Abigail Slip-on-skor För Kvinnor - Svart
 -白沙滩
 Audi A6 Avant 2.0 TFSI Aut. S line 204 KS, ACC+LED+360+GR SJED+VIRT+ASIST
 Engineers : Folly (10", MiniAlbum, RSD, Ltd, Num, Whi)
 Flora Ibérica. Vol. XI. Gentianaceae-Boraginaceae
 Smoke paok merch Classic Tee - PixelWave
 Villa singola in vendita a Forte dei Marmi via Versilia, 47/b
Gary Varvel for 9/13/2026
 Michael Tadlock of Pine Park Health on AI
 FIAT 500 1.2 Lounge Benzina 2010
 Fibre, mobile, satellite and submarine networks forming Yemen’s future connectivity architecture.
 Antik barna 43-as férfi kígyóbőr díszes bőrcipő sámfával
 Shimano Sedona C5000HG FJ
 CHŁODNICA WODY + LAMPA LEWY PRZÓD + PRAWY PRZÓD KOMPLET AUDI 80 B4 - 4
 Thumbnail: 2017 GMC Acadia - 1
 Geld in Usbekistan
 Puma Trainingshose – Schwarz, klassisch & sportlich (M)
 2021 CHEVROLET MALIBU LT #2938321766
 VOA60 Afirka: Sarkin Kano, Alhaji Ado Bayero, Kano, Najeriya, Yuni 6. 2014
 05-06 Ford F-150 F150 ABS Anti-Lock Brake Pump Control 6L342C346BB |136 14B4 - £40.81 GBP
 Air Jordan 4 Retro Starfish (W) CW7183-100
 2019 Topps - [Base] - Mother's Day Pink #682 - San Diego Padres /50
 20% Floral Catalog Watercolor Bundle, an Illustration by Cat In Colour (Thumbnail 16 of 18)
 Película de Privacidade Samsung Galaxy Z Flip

========================================================================

WHAT YOU WILL DO:
With the line containing "VOA60 Afirka: Sarkin" as the last one, please set down exactly the lines of the records above from their very first line, and nothing more.

ANSWER TO THE PROBLEM:
Abigail Slip-on-skor För Kvinnor - Svart
 -白沙滩
 Audi A6 Avant 2.0 TFSI Aut. S line 204 KS, ACC+LED+360+GR SJED+VIRT+ASIST
 Engineers : Folly (10", MiniAlbum, RSD, Ltd, Num, Whi)
 Flora Ibérica. Vol. XI. Gentianaceae-Boraginaceae
 Smoke paok merch Classic Tee - PixelWave
 Villa singola in vendita a Forte dei Marmi via Versilia, 47/b
Gary Varvel for 9/13/2026
 Michael Tadlock of Pine Park Health on AI
 FIAT 500 1.2 Lounge Benzina 2010
 Fibre, mobile, satellite and submarine networks forming Yemen’s future connectivity architecture.
 Antik barna 43-as férfi kígyóbőr díszes bőrcipő sámfával
 Shimano Sedona C5000HG FJ
 CHŁODNICA WODY + LAMPA LEWY PRZÓD + PRAWY PRZÓD KOMPLET AUDI 80 B4 - 4
 Thumbnail: 2017 GMC Acadia - 1
 Geld in Usbekistan
 Puma Trainingshose – Schwarz, klassisch & sportlich (M)
 2021 CHEVROLET MALIBU LT #2938321766
 VOA60 Afirka: Sarkin Kano, Alhaji Ado Bayero, Kano, Najeriya, Yuni 6. 2014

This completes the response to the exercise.